Our Stories - Return to home page  Join the discussion: Leave comments in our blog

Schools to seek smaller budget hike

February 2, 2007: The Randolph School Committee has lowered its budget request in hopes that it will pick up support by dropping the price tag. If the request is not voted into effect, the school system faces losing 10% of its work-force.

By FRED HANSON
The Patriot Ledger

Hoping to pick up support by dropping the price tag, the Randolph School Committee lowered its budget request on the eve of a vote to put a tax increase before voters.

The unanimous vote last night brought the proposed fiscal 2008 school budget to $32.84 million, an increase of $3.67 million from this year, or a 13 percent hike.

The proposal is essentially what school officials say is needed to cover increased costs and maintain current programs, although some changes could be made to free up money for new programs.

Committee members were hoping for a $34.61 million budget, which would allow the schools to hire additional teachers to reduce class sizes and restore course offerings, reopen elementary school libraries and begin a full-day kindergarten program.

Chairman Larry Azer said the committee knows the system needs more than what was in the original budget, but it has heard from residents and officials that the cost was too high and it had a better chance at the lower amount.

“There doesn’t seem to be a whole lot of support for the higher number we’ve requested,” Azer said. “Something is better than nothing. And we’ve gotten a whole lot of nothing over the past five years.”

Azer was referring to the fact that the school budget is less than it was five years ago. Since then the system has lost 16 percent of its students.

With the state facing its own budget crunch, it appears the only way the schools will get any additional funding is if voters pass a Proposition 2 1 2 on March 27.

Selectmen are expected to decide Monday night how much of a tax increase to seek and if the override will come in the form of a single or multiple questions.

To reverse the decline of the school system, “We need to put something together that will get 51 percent of the vote,” Azer said.

Superintendent of Schools Richard Silverman said the system could still make progress with a budget that maintains current services, citing as an example money for textbooks and training in new math and English language arts curriculums.

“It will stop the slide that has been going on for the past five years. It will change the direction,” Silverman said. “If it gets worse, it will move down faster and faster.”

The superintendent also outlined the probable toll another year without a budget increase would take on the school system.

The equivalent of 50 jobs would be eliminated, which Silverman said is about 10 percent of the system’s work-force. Included in that number are 17 elementary school teachers, six middle school teachers, five high school teachers and the librarians at the high school and middle school. School nurses would be reduced to part-time, the jobs of three secretaries and a custodian would be eliminated, as would the position of dean of students at the middle school.

Student activities and athletic programs at the high school would be eliminated entirely.

The system would either lease or turn over the mostly vacant Tower Hill building to the town, and either close or charge the recreation department the cost of operating the pool at the high school.

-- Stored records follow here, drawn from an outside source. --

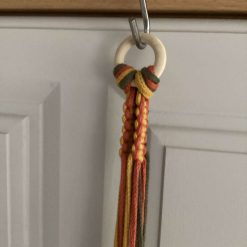 Macrame plant holder 2 Macrame plant holder 2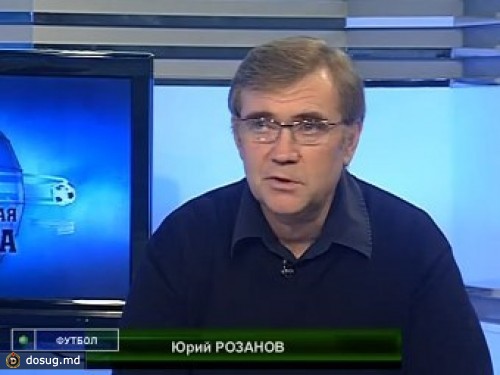 Юрий Розанов уйдет с "НТВ-Плюс" в украинскую телекомпанию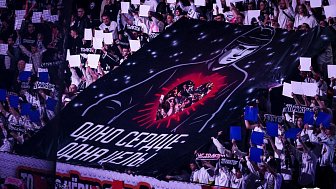 КХЛ плей-офф: «Трактор» Челябинск VS «Ак Барс» Казань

Redistricting the system’s four elementary schools is also on the list of potential cuts, and school officials may do that even if its budget proposal is approved to free up money in other areas.

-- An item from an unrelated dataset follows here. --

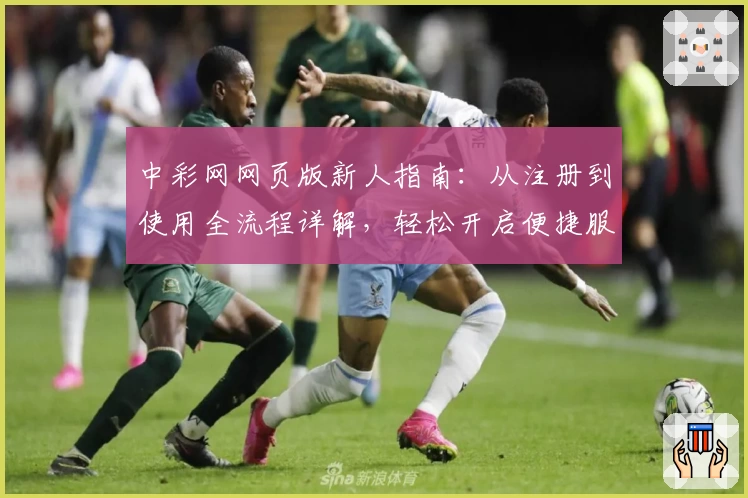 中彩网网页版新人指南：从注册到使用全流程详解，轻松开启便捷服务体验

Asked if passing an override will prevent the closing of an elementary school or Devine Early Education Center, Azer would not rule out the option.

“If we don’t get more resources, it’s virtually assured that a school will close,” he said.

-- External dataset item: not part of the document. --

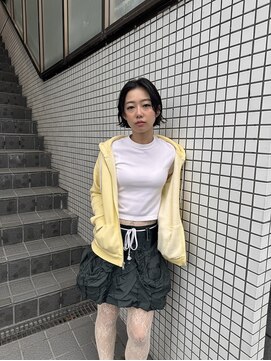 クレン(CLENN) ボブパーマ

Silverman said school officials are frequently criticized for cutting popular programs like school athletics and student activities.

“We’re now reducing from unacceptable levels,” Silverman said. “We’re now at the point where there is nothing left to cut.”

Cutting high school athletics and clubs and activities at the high school and middle school would save $488,609.

Silverman said another year of level funding may bring the town below state minimum funding requirements.

Finance committee member Eugene Solon warned the town may need an override just to be able to give town departments the same budget as they have now, due to higher health insurance and retirement costs. He said members of the finance committee urged school officials to agree to reduce their request, seeing no way to win approval for the $5.4 million originally requested for the schools.

“The situation is rather catastrophic, and we have to do something,” Solon said.

Robert Choumitsky of Collins Avenue spoke in favor of a $3.6 million budget increase.

“This budget provides the minimum for the students,” Choumitsky said. “We have a moral obligation to provide a decent public education for our children.”

The $3.6 million increase would cover contractual pay raises for school employees, increases in mandated special education tuition and transportation, and higher utility and school bus costs.

Fred Hanson may be reached at fhanson@ledger.com.

What it would cost

Using estimates provided by the assessors, a $3.67 million budget increase sought by the school committee would add about 95 cents per $1,000 in assessed value to the residential tax rate, an increase of 10.3 percent.

For a home with an average assessed value of $324,558, that would increase the annual property tax bill by about $310 per year.

This would be in addition to the regular increase of about 3 percent in the tax levy allowed under Proposition 2 1 2 , the state’s tax-limiting law.